8 min readDec 5, 2022

Photo by Parabol | The Agile Meeting Toolbox on Unsplash

A key enabler for a successful management of enterprise data is the practise of data modelling that represents organisational data elements and their relationships, in the appropriate context.

In this article, I explore the idea of using modern data catalogs as an enabler to continuously improve data models.

Data modelling overview

There are three levels of modelling, each with its own purpose.

Conceptual data model

A conceptual data model is a bird’s eye view of the key subject areas and entities in a domain. The intent of the conceptual data model is to provide a simple visual way to build mental models of the enterprise data and communicate the domain (ie the business area or organisation) for a shared understanding and to build transparency.

The audience for a conceptual data model is everyone in the organisation who has an interest in the data, from developers to architects, from designers to managers, to executives.

Conceptual data models can be written in many easily accessible diagramming tools like draw.io, Lucidchart, or PowerPoint, and typically use business-friendly language.

Logical data model

At the next level is the logical data model, which provides a detailed logical. The logical data model is independent of any database implementation or technology.

The audience for a logical data model includes stakeholders who would perform hands-on work with the data and have deep interest in the data characteristics (e.g. attributes, keys, relationships, etc.).

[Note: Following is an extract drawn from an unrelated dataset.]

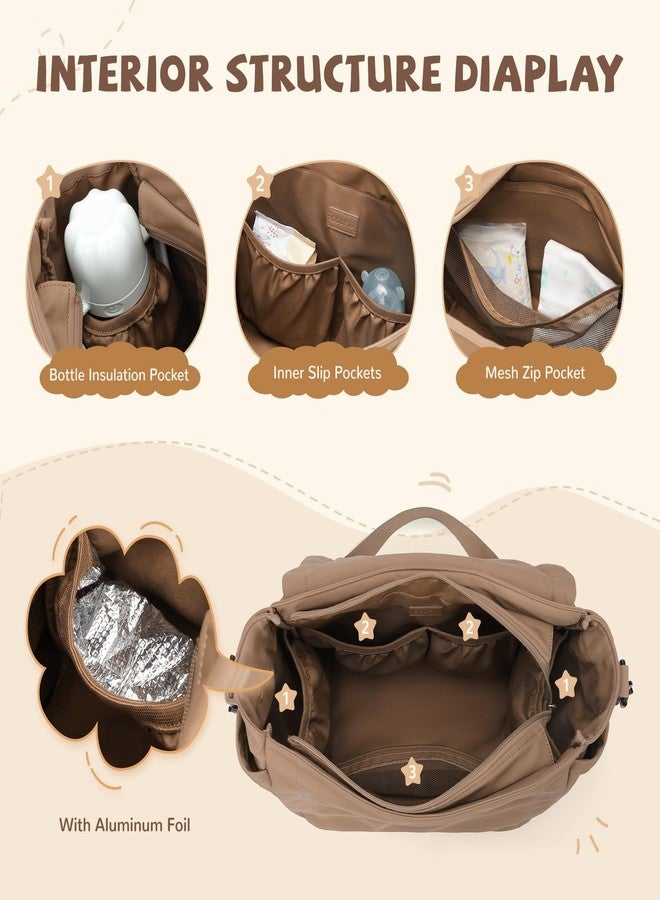 GOLF QUALITY 22L Puffer Diaper Bag Tote,Large Capacity Baby Diaper Tote Travel Bags Crossbody Hospital Bag for mom,Champagne Brown - Image 3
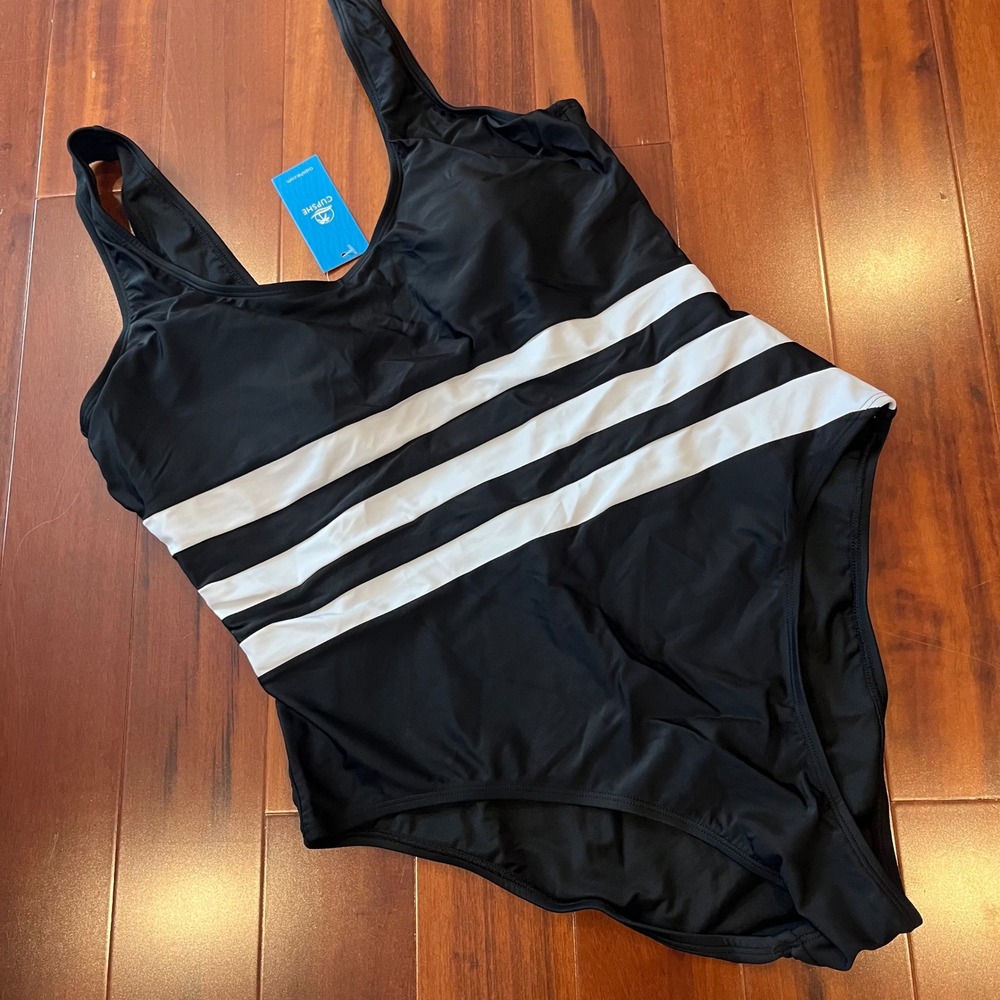 Cupshe One Piece Swimsuit Black White Stripe Swim New NWT Beach Retro Size‎ XL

Logical data models are often written in specialised tools like erwin by Quest, ER/Studio or SqlDBM and provide capabilities that support the modelling process (e.g. version control, forward and reverse engineering and generating data definition language). Some organisations may still choose tools like draw.io or Lucidchart as an extension to conceptual modelling, forgoing capabilities like forward and reverse engineering.

Physical data model

Finally, the physical data model defines what is being built in the database or storage technology. Tools for physical modelling generate data definition language (DDL) statements or schema definition that is applied by developers in the physical database or storage technology for software development. It is the ultimate source of truth of the data definition.

The physical data model is dependent on the underlying technology and naming conventions, data types, etc. may be restricted. The physical model may also consider partitioning strategy, indexing, or other optimizations fit for the specific data store.

So, what’s the problem with data modelling?

Although data modelling is very important in the software development lifecycle, we see challenges in the adoption of data modelling processes and practices in organisations. These challenges have a wide variety of reasons, but we can group them into two main categories:

Prioritisation of “speed to market” for software products, and
Data modelling myths.

Prioritisation of “speed to market” often results in lack of adherence to leading practices making the development of either an incomplete and/or brittle data models in the design phase all too common. When these models do not adequate meet the business requirements, they are often overridden later in product development — making the models irrelevant and untrusted.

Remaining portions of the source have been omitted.